Segment Open

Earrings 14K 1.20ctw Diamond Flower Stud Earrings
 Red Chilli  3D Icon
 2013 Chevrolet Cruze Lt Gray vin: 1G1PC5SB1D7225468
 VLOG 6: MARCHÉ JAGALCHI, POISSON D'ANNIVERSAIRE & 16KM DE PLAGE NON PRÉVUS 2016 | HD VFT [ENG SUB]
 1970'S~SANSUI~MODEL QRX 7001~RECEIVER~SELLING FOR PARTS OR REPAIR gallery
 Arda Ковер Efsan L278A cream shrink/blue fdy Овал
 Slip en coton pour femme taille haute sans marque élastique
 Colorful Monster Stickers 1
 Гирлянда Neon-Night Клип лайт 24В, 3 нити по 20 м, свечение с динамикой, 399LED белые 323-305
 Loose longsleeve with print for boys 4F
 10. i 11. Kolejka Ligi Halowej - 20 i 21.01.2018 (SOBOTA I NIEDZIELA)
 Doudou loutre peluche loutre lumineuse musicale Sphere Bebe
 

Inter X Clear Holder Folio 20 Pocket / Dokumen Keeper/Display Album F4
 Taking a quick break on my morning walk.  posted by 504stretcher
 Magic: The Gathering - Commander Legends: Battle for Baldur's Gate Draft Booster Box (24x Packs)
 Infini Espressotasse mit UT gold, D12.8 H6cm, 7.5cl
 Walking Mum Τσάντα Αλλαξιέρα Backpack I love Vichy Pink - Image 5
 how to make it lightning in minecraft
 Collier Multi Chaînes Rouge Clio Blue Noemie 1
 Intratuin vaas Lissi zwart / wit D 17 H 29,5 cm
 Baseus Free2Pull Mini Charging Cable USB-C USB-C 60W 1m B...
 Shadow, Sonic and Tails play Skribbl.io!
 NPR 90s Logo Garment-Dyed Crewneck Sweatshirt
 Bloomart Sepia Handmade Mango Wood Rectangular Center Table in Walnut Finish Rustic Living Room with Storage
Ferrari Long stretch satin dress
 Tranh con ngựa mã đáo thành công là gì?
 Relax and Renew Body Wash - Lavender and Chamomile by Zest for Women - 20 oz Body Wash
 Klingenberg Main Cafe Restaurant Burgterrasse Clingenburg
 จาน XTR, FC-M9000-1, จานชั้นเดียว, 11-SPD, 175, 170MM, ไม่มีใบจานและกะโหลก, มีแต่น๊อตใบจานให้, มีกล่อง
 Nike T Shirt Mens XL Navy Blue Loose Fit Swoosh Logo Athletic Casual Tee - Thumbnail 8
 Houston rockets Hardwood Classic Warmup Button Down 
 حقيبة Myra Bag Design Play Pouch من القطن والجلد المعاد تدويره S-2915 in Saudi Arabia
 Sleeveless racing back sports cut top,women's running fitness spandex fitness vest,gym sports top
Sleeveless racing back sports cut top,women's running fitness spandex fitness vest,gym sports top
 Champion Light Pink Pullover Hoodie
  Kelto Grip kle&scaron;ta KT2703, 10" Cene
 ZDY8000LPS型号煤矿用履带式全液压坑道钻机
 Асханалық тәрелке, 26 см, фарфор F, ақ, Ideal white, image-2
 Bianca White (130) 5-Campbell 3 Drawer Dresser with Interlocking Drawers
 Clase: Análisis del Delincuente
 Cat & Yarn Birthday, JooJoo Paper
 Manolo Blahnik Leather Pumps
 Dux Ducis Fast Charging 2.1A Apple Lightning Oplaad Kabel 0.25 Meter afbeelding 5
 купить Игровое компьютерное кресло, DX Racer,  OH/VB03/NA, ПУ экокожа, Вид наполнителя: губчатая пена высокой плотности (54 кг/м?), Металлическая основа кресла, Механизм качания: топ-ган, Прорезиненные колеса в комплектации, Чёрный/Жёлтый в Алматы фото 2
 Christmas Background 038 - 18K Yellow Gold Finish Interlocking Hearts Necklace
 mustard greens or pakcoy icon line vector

Segment Closed

* **What is required**
Each line containing "vest" belongs in the answer; pick these out of the material and copy them.

* **Reply to the task**
 Sleeveless racing back sports cut top,women's running fitness spandex fitness vest,gym sports top
Sleeveless racing back sports cut top,women's running fitness spandex fitness vest,gym sports top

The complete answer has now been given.